■ **Work to be completed**:
Only the lines from the one that contains "this 375×230 image." through the final line of the entries should be repeated, exactly as written.

Start of Source material

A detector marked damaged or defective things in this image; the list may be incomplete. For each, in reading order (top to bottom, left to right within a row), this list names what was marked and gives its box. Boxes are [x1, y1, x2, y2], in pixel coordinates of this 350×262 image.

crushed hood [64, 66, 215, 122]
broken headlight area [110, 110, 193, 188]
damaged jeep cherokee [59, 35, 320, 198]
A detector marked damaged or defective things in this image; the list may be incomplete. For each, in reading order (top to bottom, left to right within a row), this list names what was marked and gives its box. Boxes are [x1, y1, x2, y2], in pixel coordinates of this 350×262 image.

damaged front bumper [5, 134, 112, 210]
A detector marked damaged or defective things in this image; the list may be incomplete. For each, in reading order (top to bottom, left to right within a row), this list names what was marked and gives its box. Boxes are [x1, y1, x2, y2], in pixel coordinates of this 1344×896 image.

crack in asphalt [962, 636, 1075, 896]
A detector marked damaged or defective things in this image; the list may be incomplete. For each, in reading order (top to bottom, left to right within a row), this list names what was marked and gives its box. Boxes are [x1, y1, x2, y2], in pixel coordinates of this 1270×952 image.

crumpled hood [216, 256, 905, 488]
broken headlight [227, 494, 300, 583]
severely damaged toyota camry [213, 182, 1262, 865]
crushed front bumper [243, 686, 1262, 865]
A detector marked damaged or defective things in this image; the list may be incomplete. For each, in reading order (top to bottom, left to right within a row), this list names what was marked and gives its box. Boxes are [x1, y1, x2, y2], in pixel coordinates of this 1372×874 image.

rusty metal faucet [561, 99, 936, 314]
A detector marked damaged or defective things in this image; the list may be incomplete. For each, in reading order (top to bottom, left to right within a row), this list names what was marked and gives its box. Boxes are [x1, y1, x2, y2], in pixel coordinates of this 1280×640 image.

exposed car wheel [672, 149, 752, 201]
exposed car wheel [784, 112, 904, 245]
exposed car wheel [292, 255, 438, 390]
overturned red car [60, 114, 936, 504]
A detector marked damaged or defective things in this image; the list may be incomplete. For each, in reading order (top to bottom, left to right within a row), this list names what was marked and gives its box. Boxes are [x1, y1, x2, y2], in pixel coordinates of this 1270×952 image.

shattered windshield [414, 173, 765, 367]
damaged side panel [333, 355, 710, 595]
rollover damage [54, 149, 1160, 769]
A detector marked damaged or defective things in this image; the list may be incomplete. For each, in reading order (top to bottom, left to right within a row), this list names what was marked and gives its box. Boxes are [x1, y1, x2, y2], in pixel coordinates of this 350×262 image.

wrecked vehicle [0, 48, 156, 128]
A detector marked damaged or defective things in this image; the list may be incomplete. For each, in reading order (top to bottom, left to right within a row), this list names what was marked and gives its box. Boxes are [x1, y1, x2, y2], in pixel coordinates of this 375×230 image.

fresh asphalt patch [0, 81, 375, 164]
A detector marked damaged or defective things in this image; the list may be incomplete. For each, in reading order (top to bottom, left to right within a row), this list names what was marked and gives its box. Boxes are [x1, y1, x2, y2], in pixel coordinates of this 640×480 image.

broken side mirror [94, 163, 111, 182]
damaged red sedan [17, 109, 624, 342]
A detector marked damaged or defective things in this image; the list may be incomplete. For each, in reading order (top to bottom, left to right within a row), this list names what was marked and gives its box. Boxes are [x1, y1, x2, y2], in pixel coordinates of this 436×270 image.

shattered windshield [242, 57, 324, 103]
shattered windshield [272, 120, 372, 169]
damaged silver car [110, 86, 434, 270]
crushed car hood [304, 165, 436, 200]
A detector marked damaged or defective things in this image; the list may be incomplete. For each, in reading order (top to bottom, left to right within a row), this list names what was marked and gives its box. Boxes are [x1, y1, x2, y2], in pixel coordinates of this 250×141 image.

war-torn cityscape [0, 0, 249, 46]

End of Source material

■ **Exercise result**:
A detector marked damaged or defective things in this image; the list may be incomplete. For each, in reading order (top to bottom, left to right within a row), this list names what was marked and gives its box. Boxes are [x1, y1, x2, y2], in pixel coordinates of this 375×230 image.

fresh asphalt patch [0, 81, 375, 164]
A detector marked damaged or defective things in this image; the list may be incomplete. For each, in reading order (top to bottom, left to right within a row), this list names what was marked and gives its box. Boxes are [x1, y1, x2, y2], in pixel coordinates of this 640×480 image.

broken side mirror [94, 163, 111, 182]
damaged red sedan [17, 109, 624, 342]
A detector marked damaged or defective things in this image; the list may be incomplete. For each, in reading order (top to bottom, left to right within a row), this list names what was marked and gives its box. Boxes are [x1, y1, x2, y2], in pixel coordinates of this 436×270 image.

shattered windshield [242, 57, 324, 103]
shattered windshield [272, 120, 372, 169]
damaged silver car [110, 86, 434, 270]
crushed car hood [304, 165, 436, 200]
A detector marked damaged or defective things in this image; the list may be incomplete. For each, in reading order (top to bottom, left to right within a row), this list names what was marked and gives its box. Boxes are [x1, y1, x2, y2], in pixel coordinates of this 250×141 image.

war-torn cityscape [0, 0, 249, 46]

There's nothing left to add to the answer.